Pages

Thursday, March 21, 2013

What is partition in informatica? Types of partitions

Partition:

  •   A pipeline consists of a source qualifier and all the transformations and targets that receive data from that source qualifier.
  •   By default, the Integration Service creates one partition in every pipeline stage.
  •   Partitioning means to configure how the Integration Service reads data from the source, distributes rows of data to each transformation, and writes data to the target. You can configure the number of source and target connections to use.
  •   When the Integration Service runs the session, it can achieve higher performance by partitioning the pipeline and performing the extract, transformation, and load for each partition in parallel.
Partition points:









  •   Partition points mark thread boundaries and divide the pipeline into stages.The Integration Service redistributes rows of data at partition points.   
  •   If a partition point is set at a Filter transformation and define multiple partitions, the Integration Service can redistribute rows of data among the partitions before the Filter transformation processes the data. 
  •    By default, the Integration Service sets partition points at various transformations in the pipeline
  •    The partition type set at this partition point controls the way in which the Integration Service passes rows of data to each partition
Partition Points – Transformation Partition Points :
  Partition Point
  Description  
  Restrictions
   Source Qualifier
   Normalizer
   Controls how the Integration Service extracts data from the source and passes it to the source qualifier.
  Cannot delete this partition point.
   Rank
   Unsorted Aggregator
 Ensures that the Integration Service groups rows properly before it sends them to the transformation.
  Can delete these partition points if the pipeline contains only one partition or if the Integration Service passes all rows in a group to a single partition before they enter the transformation.
   Target Instances
   Controls how the writer passes data to the targets
   Cannot delete this partition point.
   Multiple Input Group
  The Workflow Manager creates a partition point at a multiple input group transformation when it is configured to process each partition with one thread, or when a downstream multiple input group Custom transformation is configured to process each partition with one thread.
  This ensures that the Integration Service uses one thread to process each partition at a Custom transformation that requires one thread per partition.
   Cannot delete this partition point.


Partition Points – Rules and Guidelines:

The following guidelines apply to adding and deleting partition points:
  •    Cannot create a partition point at a source instance.
  •  Cannot create a partition point at a Sequence Generator transformation or an unconnected   transformation.
  •    Can add a partition point at any other transformation provided that no partition point receives input from more than one pipeline stage. 
  •    Cannot delete a partition point at a Source Qualifier transformation, a Normalizer transformation for COBOL sources, or a target instance. 
  •   Cannot delete a partition point at a multiple input group Custom transformation that is configured to use one thread per partition.
  •  Cannot delete a partition point at a multiple input group transformation that is upstream from a multiple input group Custom transformation that is configured to use one thread per partition.
The following partition types have restrictions with dynamic partitioning: 
  •    Pass-Through : When you use dynamic partitioning, if you change the number of partitions at a partition point, the number of partitions in each pipeline stage changes. 
  •   Key Range: To use key range with dynamic partitioning you must define a closed range of numbers or date keys.
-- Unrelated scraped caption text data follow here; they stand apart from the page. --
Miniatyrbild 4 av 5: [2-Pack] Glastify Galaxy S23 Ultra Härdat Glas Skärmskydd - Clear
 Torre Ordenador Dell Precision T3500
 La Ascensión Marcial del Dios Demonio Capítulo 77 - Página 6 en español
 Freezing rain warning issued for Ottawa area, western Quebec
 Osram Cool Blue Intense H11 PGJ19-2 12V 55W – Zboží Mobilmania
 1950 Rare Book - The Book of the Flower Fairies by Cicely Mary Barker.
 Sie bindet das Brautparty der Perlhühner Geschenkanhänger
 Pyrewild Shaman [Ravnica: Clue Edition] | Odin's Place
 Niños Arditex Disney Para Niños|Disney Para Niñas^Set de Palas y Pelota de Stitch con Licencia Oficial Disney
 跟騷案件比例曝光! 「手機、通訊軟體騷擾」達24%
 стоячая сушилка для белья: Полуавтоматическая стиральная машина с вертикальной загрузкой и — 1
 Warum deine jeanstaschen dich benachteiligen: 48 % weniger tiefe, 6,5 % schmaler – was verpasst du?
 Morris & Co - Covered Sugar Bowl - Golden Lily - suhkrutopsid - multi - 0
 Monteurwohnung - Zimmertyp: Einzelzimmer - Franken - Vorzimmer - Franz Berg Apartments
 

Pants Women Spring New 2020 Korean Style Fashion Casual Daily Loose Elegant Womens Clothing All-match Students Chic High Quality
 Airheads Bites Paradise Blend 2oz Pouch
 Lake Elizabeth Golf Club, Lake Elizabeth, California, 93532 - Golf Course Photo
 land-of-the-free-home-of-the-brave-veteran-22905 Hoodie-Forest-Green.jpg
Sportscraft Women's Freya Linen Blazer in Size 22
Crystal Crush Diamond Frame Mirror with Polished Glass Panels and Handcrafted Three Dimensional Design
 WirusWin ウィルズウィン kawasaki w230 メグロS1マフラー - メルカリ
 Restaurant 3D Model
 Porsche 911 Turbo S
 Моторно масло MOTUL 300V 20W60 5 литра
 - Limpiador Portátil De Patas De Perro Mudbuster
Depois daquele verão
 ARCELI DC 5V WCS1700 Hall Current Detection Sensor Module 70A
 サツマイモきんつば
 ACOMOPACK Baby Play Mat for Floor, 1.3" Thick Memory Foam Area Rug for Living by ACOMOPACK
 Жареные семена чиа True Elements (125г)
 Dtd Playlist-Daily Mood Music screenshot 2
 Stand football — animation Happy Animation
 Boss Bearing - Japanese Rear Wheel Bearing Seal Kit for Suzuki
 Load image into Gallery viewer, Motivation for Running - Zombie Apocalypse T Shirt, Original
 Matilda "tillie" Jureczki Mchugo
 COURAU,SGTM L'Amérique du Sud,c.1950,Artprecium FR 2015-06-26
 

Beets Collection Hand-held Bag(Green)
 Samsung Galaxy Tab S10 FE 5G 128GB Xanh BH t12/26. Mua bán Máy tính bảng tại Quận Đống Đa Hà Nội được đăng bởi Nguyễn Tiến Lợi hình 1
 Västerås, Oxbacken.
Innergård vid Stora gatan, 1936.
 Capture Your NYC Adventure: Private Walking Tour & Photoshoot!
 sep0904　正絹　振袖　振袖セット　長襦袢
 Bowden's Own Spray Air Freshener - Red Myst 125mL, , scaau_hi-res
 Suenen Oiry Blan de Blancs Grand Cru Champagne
If you use an open-ended range, the session runs with one partition.
Types of Partition:

The partition type controls how the Integration Service distributes data among partitions at partition points

Following are the types of Partition:
  •  Database Partitioning
  •  Hash Auto - Keys
  •  Hash User –Keys
  •  Key Range
  •  Pass Through
  •  Round Robin
  •  Dynamic Partitioning
Database Partitioning: 
  •   The session performance can be optimized by using the database partitioning partition type for source and target databases:
  •   In source database partitioning, the Integration Service queries the database system for table partition information and fetches data into the session partitions. 
  •   In target database partitioning, the Integration Service loads data into corresponding database partition nodes.
  •   Use database partitioning for Oracle and IBM DB2 sources and IBM DB2 targets. Use any number of pipeline partitions and any number of database partitions.
  •   Session performance improves when the number of pipeline partitions equals the number of database partitions
The Integration Service uses the following rules for source database partitioning:
  •   In Database partitioning for a database other than Oracle or IBM DB2, the Integration Service reads the data in a single partition and writes a message to the session log
  •   If the number of session partitions is more than the number of partitions for the table in the database, the excess partitions receive no data. The session log describes which partitions do not receive data
  •   If the number of session partitions is less than the number of partitions for the table in the database, the Integration Service distributes the data equally to the session partitions. Some session partitions receive data from more than one database partition.
  •   When database partitioning is used with dynamic partitioning, the Integration Service determines the number of session partitions when the session begins.
  •   Session performance with partitioning depends on the data distribution in the database partitions. The Integration Service generates SQL queries to the database partitions. The SQL queries perform union or join commands, which can result in large query statements that have a performance impact.
Rules and Guidelines for Source Database Partitioning :
  •   Cannot use database partitioning when the session is configured to use source-based or user-defined commits, constraint-based loading, or workflow recovery.
  •   When a source qualifier is configured for database partitioning, the Integration Service reverts to pass-through partitioning under the following circumstances:
  •   The database table is stored on one database partition.
               1.  Run the session in debug mode.
               2.  Specify database partitioning for a session with one partition.
               3.  Use pushdown optimization. Pushdown optimization works with the other partition types.
  •   When an SQL override is created to read database tables and database partitioning is set, the Integration Service reverts to pass-through partitioning and writes a message to the session log.
  •   If a user-defined join is created, the Integration Service adds the join to the SQL statements it generates for each partition.
  •   If a source filter is created, the Integration Service adds it to the WHERE clause in the SQL query for each partition.
Rules and Guidelines for Target Database Partitioning:
  •   Cannot use database partitioning when the session is configured to use source-based or user-defined commit, constraint-based loading, or session recovery.
  •   The target table must contain a partition key, and must link all not-null partition key columns in the target instance to a transformation in the mapping.
  •   Must use high precision mode when the IBM DB2 table partitioning key uses a Bigint field. The Integration Service fails the session when the IBM DB2 table partitioning key uses a Bigint field and low precision mode is used.
  •   If multiple partitions for a DB2 bulk load session is created, use database partitioning for the target partition type. If any other partition type is used, the Integration Service reverts to normal load and writes the following message to the session log:
  •   If a session is configured for database partitioning, the Integration Service reverts to pass-through partitioning under the following circumstances:
               1. The DB2 target table is stored on one node.
               2. Run the session in debug mode using the Debugger.
               3. Configure the Integration Service to treat the database partitioning partition type as pass-through        
                   partitioning and database partitioning is used  for a non-DB2 relational target.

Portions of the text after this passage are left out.